Give again, word for word, the line holding "Gros plan détaillé" and every line after it through the end of the data below. Omit pictures.
SUPPLIED RECORDS below:
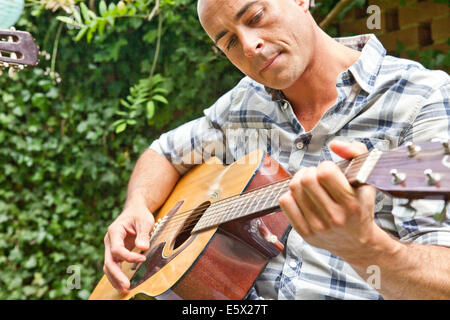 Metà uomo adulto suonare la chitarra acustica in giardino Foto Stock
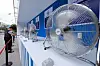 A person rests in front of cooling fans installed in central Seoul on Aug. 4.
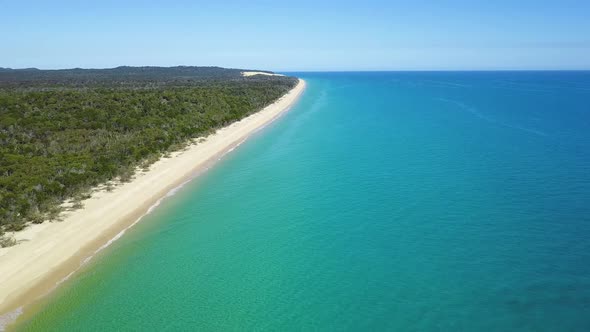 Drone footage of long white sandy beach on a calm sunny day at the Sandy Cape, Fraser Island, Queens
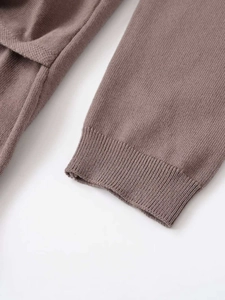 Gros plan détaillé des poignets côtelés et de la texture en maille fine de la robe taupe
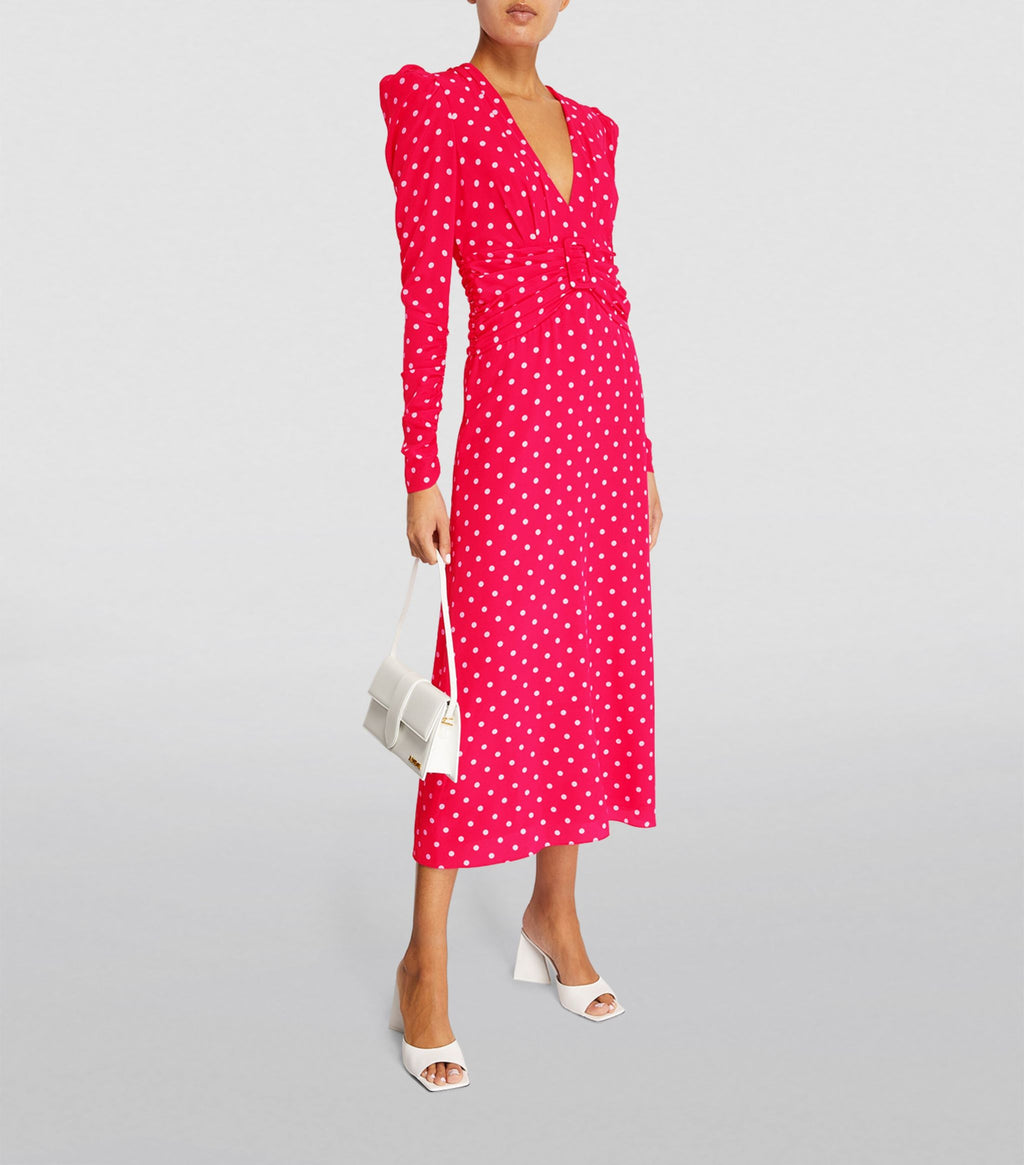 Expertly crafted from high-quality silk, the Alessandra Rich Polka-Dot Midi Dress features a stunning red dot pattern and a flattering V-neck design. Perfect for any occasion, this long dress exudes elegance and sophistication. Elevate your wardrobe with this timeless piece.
End of SUPPLIED RECORDS.
ANSWER TO THE EXERCISE =>
 Gros plan détaillé des poignets côtelés et de la texture en maille fine de la robe taupe
 Expertly crafted from high-quality silk, the Alessandra Rich Polka-Dot Midi Dress features a stunning red dot pattern and a flattering V-neck design. Perfect for any occasion, this long dress exudes elegance and sophistication. Elevate your wardrobe with this timeless piece.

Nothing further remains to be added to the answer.